### Problem statement
Starting with the line with "Jute Cottage All Over New Print Hand-held Bag Blue Jute" in the entries below and going on through the line with "کنسرو سگ شایر", output every line exactly and nothing more. No pictures.

### Data to process
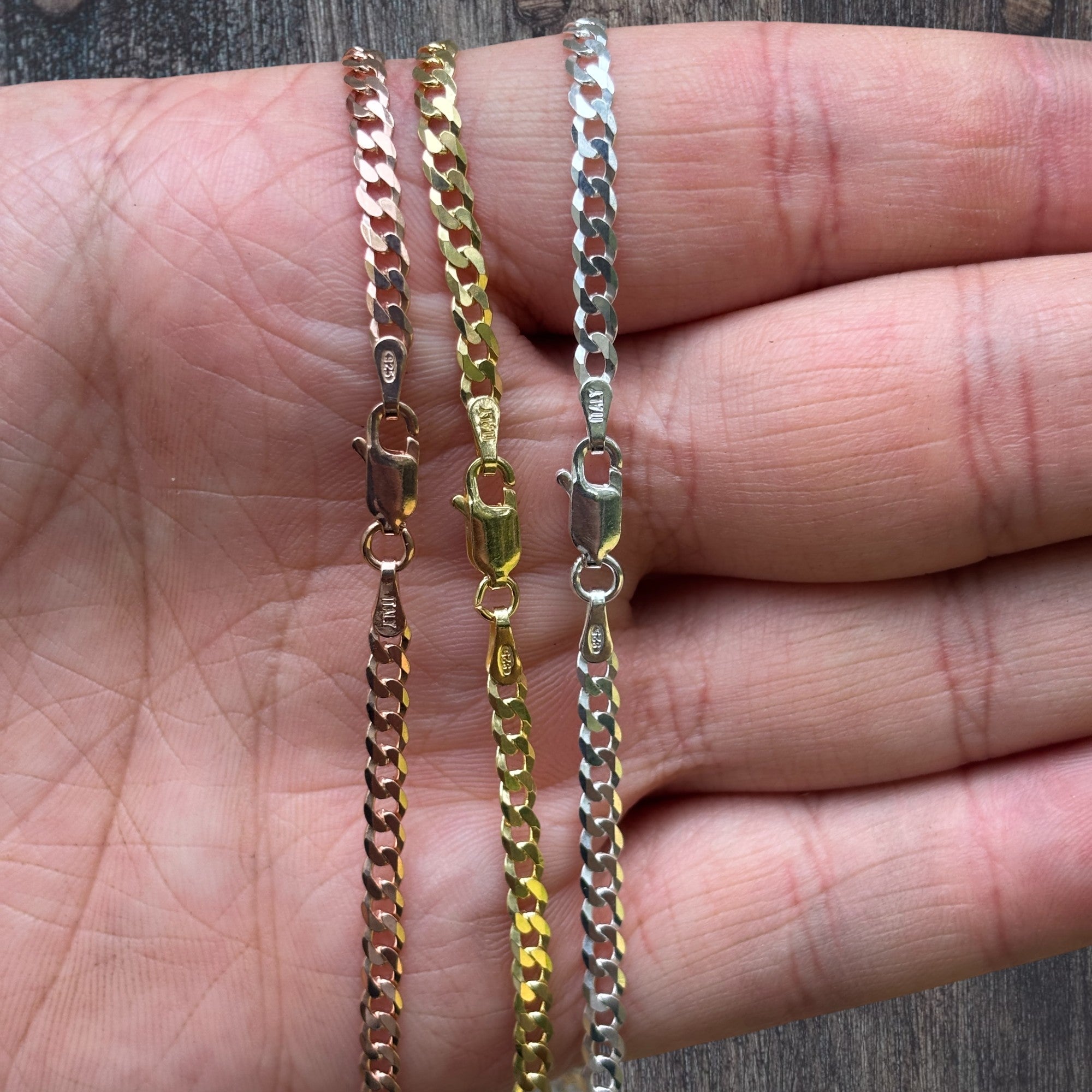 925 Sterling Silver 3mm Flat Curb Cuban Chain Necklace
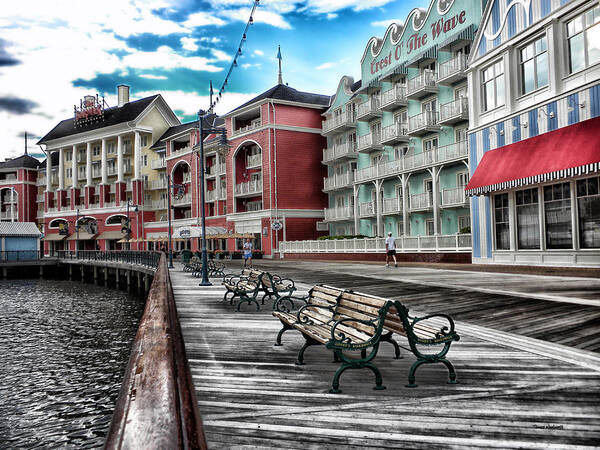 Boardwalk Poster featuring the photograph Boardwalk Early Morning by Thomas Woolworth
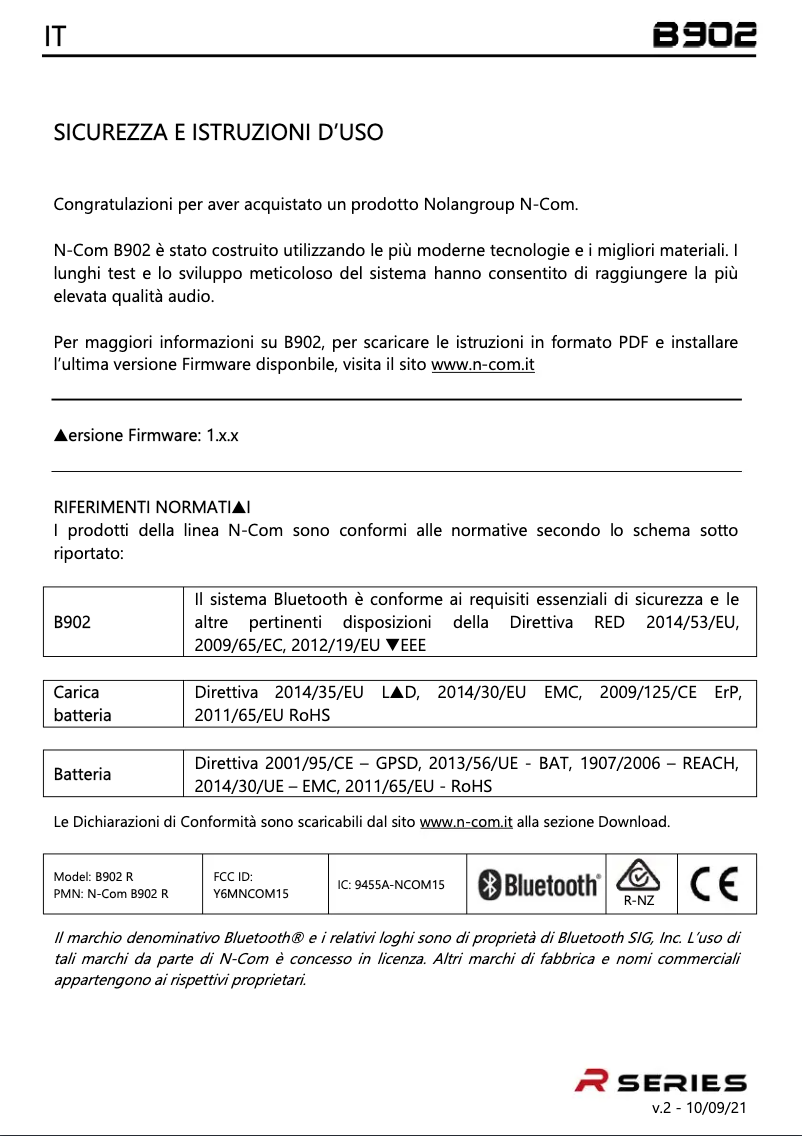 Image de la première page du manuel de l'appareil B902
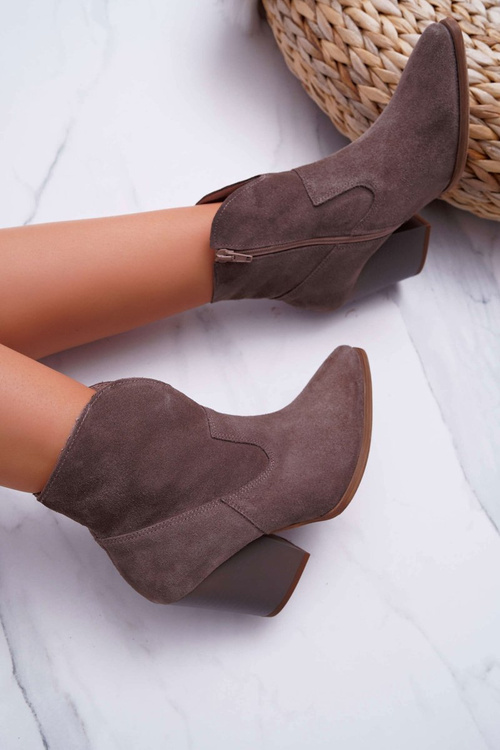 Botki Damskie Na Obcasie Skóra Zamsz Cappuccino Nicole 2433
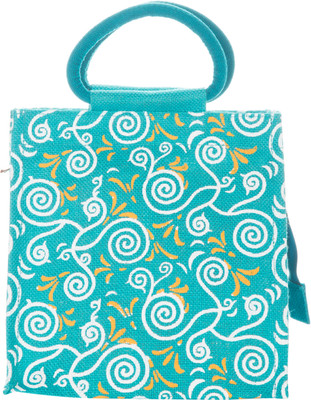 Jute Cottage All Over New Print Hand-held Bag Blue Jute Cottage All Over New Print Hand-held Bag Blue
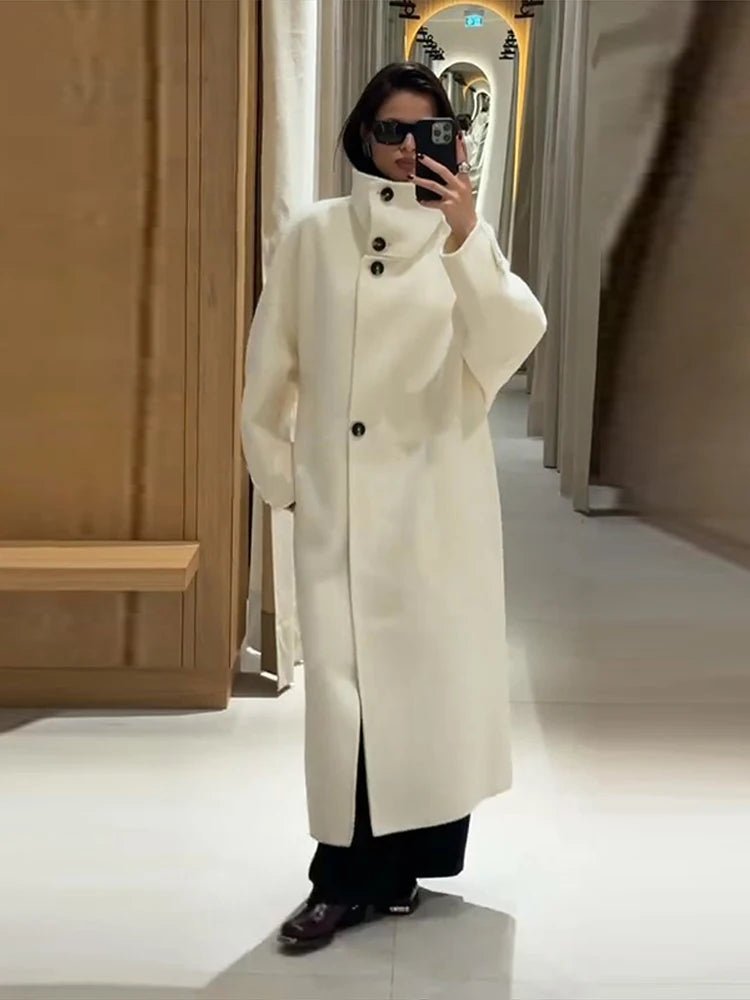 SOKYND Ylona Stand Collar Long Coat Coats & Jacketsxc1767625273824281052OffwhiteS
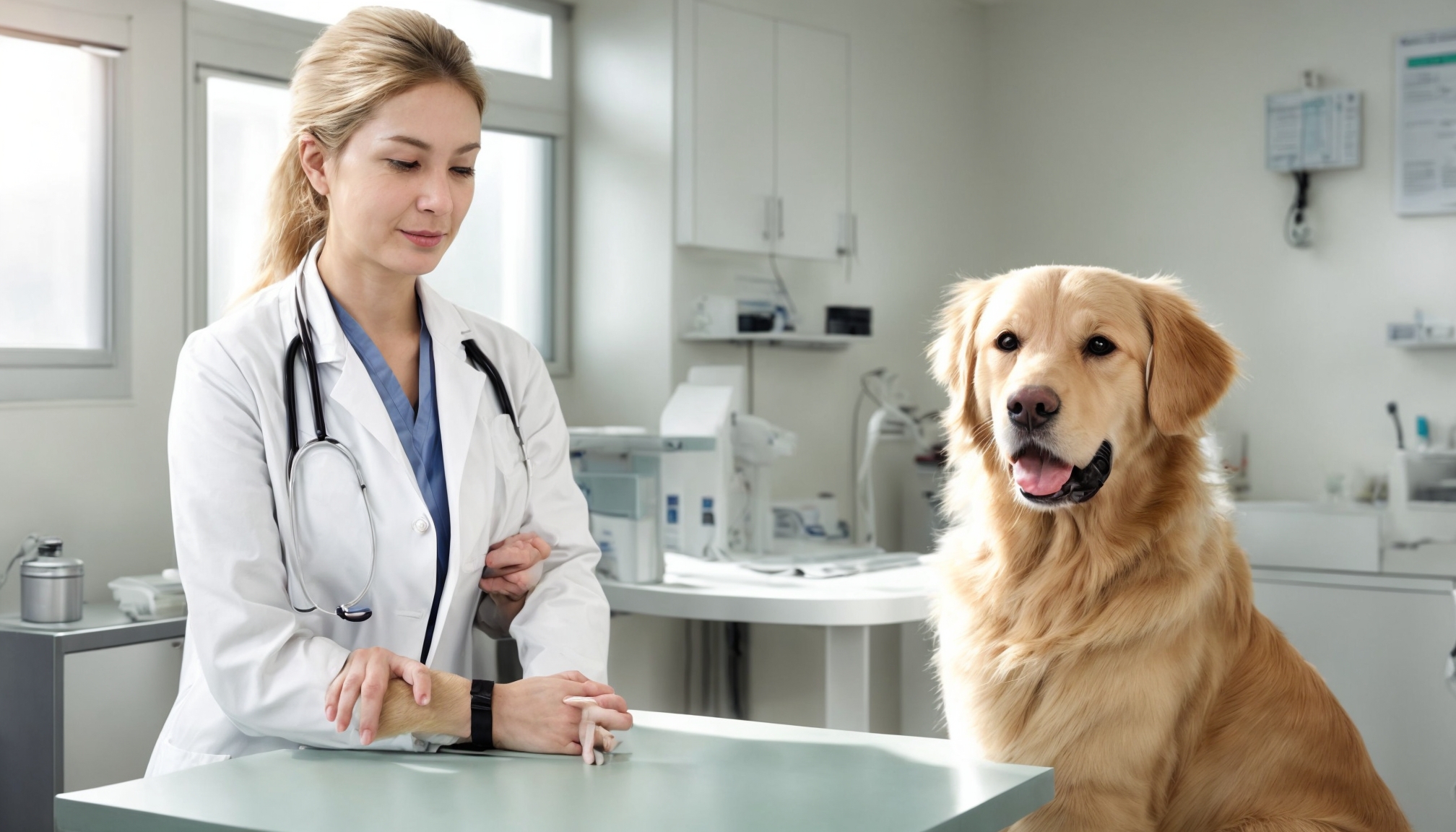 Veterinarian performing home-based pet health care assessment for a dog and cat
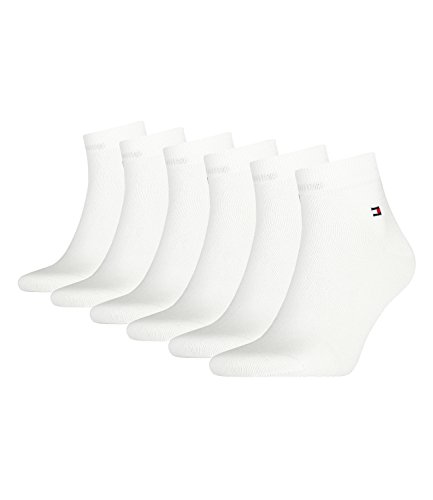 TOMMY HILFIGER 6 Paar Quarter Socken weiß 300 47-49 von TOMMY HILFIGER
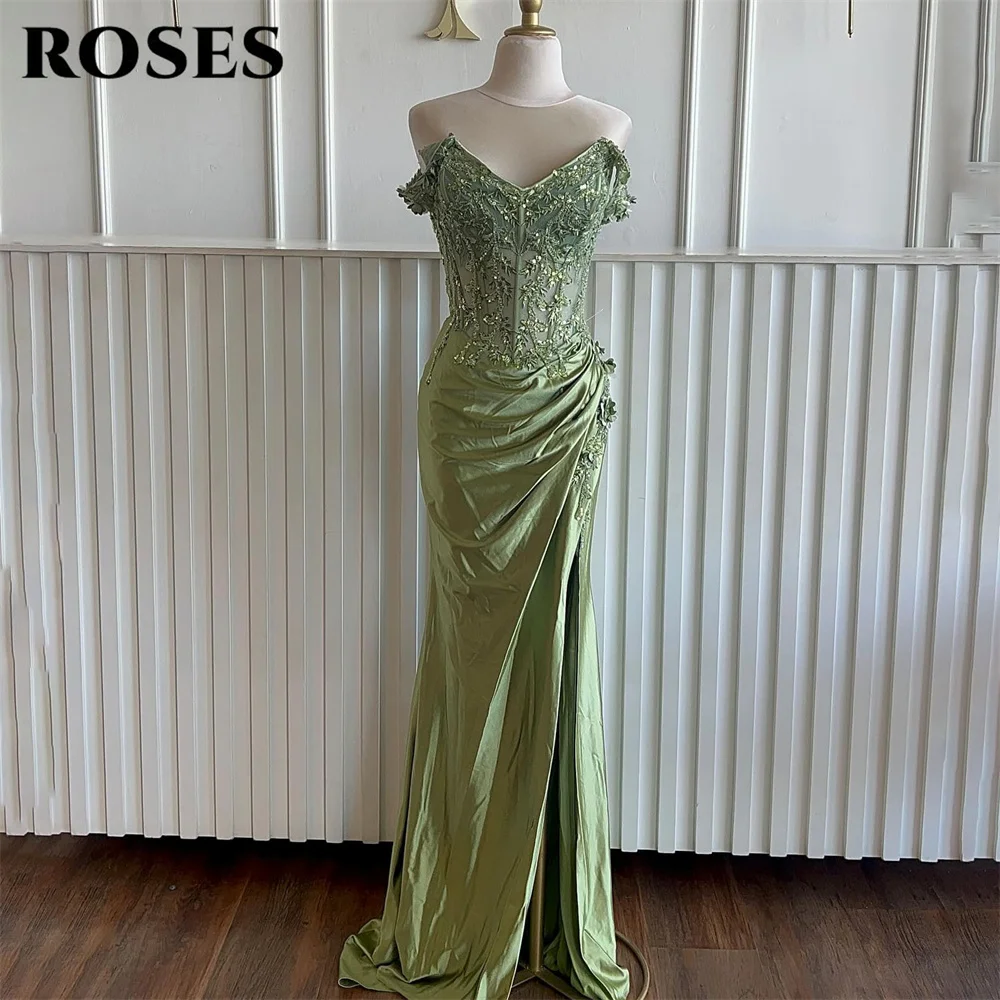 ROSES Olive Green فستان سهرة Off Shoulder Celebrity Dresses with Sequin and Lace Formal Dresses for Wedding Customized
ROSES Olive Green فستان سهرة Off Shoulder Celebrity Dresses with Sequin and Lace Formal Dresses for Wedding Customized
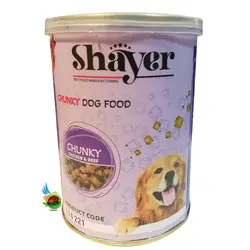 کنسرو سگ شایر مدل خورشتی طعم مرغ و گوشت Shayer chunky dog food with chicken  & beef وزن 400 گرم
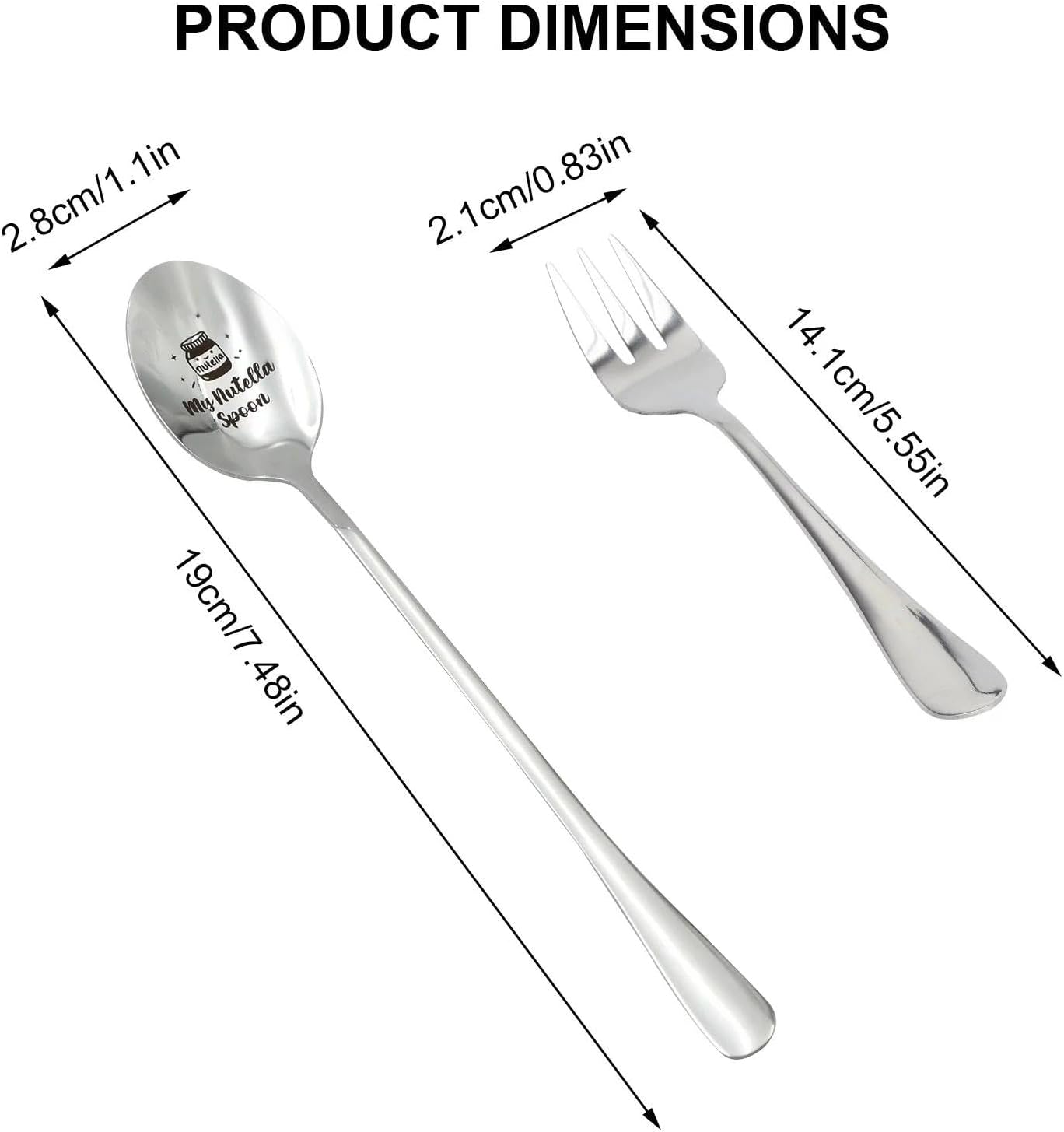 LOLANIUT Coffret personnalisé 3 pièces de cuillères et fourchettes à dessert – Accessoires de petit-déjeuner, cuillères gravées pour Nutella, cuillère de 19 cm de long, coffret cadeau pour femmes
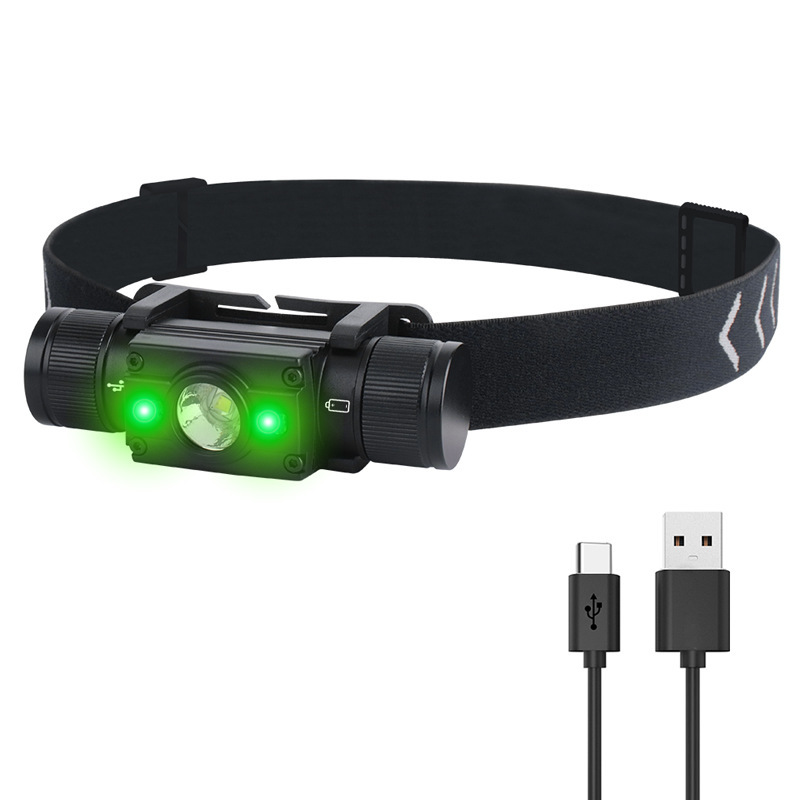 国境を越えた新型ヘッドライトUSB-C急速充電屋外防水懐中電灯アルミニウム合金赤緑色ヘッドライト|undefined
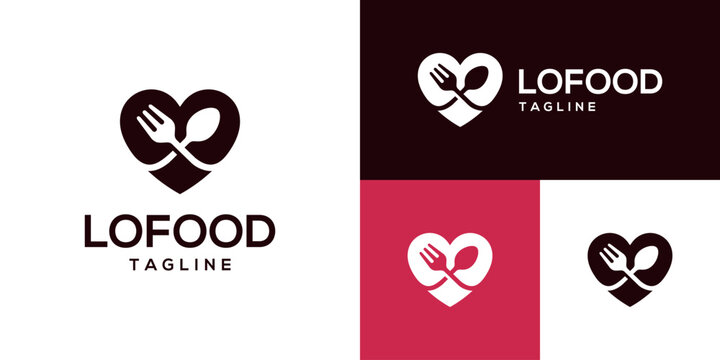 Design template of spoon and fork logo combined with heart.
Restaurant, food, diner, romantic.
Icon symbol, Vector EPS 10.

### Answer space
 Jute Cottage All Over New Print Hand-held Bag Blue Jute Cottage All Over New Print Hand-held Bag Blue
 SOKYND Ylona Stand Collar Long Coat Coats & Jacketsxc1767625273824281052OffwhiteS
 Veterinarian performing home-based pet health care assessment for a dog and cat
 TOMMY HILFIGER 6 Paar Quarter Socken weiß 300 47-49 von TOMMY HILFIGER
 ROSES Olive Green فستان سهرة Off Shoulder Celebrity Dresses with Sequin and Lace Formal Dresses for Wedding Customized
ROSES Olive Green فستان سهرة Off Shoulder Celebrity Dresses with Sequin and Lace Formal Dresses for Wedding Customized
 کنسرو سگ شایر مدل خورشتی طعم مرغ و گوشت Shayer chunky dog food with chicken  & beef وزن 400 گرم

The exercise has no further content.